90. Editorial Note

On May 16, 1972, the White House announced that George Shultz would replace John Connally as Secretary of the Treasury. In his address to the OECD Ministerial meeting on May 25, Paul Volcker opened by expressing greetings and regrets from Secretary Connally “who, as you know, intended, until a certain event last week, to attend the Council meeting here today.” See Department of State Bulletin, June 19, 1972, pages 827-836, for President Nixon’s May 24 message to the OECD, Stein’s May 24 statement, Volcker’s May 25 statement, Irwin’s May 26 statements, and the final Communique of the May 24-26 Ministerial meeting. A slightly different text of Volcker’s statement was circulated [Page 221]to members of the Volcker Group under cover of a May 31 memorandum from Willis. (Washington National Records Center, Department of the Treasury, Volcker Group Masters: FRC 56 86 30, VG/Uncl. INFO/72-79)

On May 5 Hormats had sent Kissinger a memorandum apprising him of the status of the international economic policy negotiations and recommending that Kissinger discuss the matter with Connally and Flanigan. Hormats told Kissinger that “after much debate, a USG position has been reached on the forum for discussing international monetary and trade reform—the OECD.” He continued: “A related matter, which may be the source of an intense interagency conflict centers on the U.S. posture with regard to future trade negotiations. Treasury regards the major goal of the U.S. in forthcoming trade negotiations as balance of payments improvement for the U.S., i.e., an attempt to bring about changes which do not provide reciprocal benefits to our trading partners. This was the same posture we took in attempting to obtain trade concessions following the August 15 announcement. It produced little real benefit for the U.S. and subjected us to strong foreign criticism for attempting to press our trading partners to undertake measures in the area of trade without our reciprocating.” Hormats indicated that Eberle and Irwin thought Connally’s position untenable. (National Archives, Nixon Presidential Materials, NSC Files, Agency Files, Box 273, OECD)

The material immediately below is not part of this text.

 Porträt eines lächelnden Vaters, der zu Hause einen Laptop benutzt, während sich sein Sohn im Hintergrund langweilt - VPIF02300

On May 25 Under Secretary Irwin sent a cable to Secretary of State Rogers, who was with the President in Moscow, noting that he would probably see sensationalized press reports about differences with other OECD members, particularly France. Irwin concluded, however, that there seemed to be consensus about a link between trade and monetary negotiations and a role for the OECD. (Telegram 10087 from USOECD to Moscow (repeated to the Department of State), May 25; ibid.)